▸ Task instructions:
When you reach the line containing "Vista del Cementerio de Darwin en las Islas Malvinas. Vista" in the entries below, repeat it and each line after it exactly until the entries end.

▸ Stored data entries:
Segment Open

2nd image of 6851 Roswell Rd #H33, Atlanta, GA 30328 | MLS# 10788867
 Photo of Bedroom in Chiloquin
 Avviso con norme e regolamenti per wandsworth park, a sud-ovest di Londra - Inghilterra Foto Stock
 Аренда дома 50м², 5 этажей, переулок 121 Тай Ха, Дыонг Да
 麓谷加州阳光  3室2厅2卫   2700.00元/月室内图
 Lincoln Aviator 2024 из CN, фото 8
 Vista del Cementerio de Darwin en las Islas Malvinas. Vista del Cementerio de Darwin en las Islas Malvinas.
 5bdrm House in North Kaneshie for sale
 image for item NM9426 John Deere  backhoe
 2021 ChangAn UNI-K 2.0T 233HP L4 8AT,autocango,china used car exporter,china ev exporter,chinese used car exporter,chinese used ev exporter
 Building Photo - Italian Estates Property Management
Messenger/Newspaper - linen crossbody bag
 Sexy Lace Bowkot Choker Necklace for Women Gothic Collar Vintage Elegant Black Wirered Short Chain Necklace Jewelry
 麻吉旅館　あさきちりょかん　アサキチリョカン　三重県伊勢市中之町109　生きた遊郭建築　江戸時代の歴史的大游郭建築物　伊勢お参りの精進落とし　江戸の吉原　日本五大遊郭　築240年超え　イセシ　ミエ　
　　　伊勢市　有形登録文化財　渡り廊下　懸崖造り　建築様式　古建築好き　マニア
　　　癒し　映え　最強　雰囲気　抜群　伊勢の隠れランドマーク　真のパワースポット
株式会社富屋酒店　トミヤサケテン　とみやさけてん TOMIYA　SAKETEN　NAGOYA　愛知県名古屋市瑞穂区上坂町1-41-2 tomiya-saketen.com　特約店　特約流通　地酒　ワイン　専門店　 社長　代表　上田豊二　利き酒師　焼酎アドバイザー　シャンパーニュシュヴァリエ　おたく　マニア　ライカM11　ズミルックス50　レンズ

Segment Closed

▸ Your response:
 Vista del Cementerio de Darwin en las Islas Malvinas. Vista del Cementerio de Darwin en las Islas Malvinas.
 5bdrm House in North Kaneshie for sale
 image for item NM9426 John Deere  backhoe
 2021 ChangAn UNI-K 2.0T 233HP L4 8AT,autocango,china used car exporter,china ev exporter,chinese used car exporter,chinese used ev exporter
 Building Photo - Italian Estates Property Management
Messenger/Newspaper - linen crossbody bag
 Sexy Lace Bowkot Choker Necklace for Women Gothic Collar Vintage Elegant Black Wirered Short Chain Necklace Jewelry
 麻吉旅館　あさきちりょかん　アサキチリョカン　三重県伊勢市中之町109　生きた遊郭建築　江戸時代の歴史的大游郭建築物　伊勢お参りの精進落とし　江戸の吉原　日本五大遊郭　築240年超え　イセシ　ミエ　
　　　伊勢市　有形登録文化財　渡り廊下　懸崖造り　建築様式　古建築好き　マニア
　　　癒し　映え　最強　雰囲気　抜群　伊勢の隠れランドマーク　真のパワースポット
株式会社富屋酒店　トミヤサケテン　とみやさけてん TOMIYA　SAKETEN　NAGOYA　愛知県名古屋市瑞穂区上坂町1-41-2 tomiya-saketen.com　特約店　特約流通　地酒　ワイン　専門店　 社長　代表　上田豊二　利き酒師　焼酎アドバイザー　シャンパーニュシュヴァリエ　おたく　マニア　ライカM11　ズミルックス50　レンズ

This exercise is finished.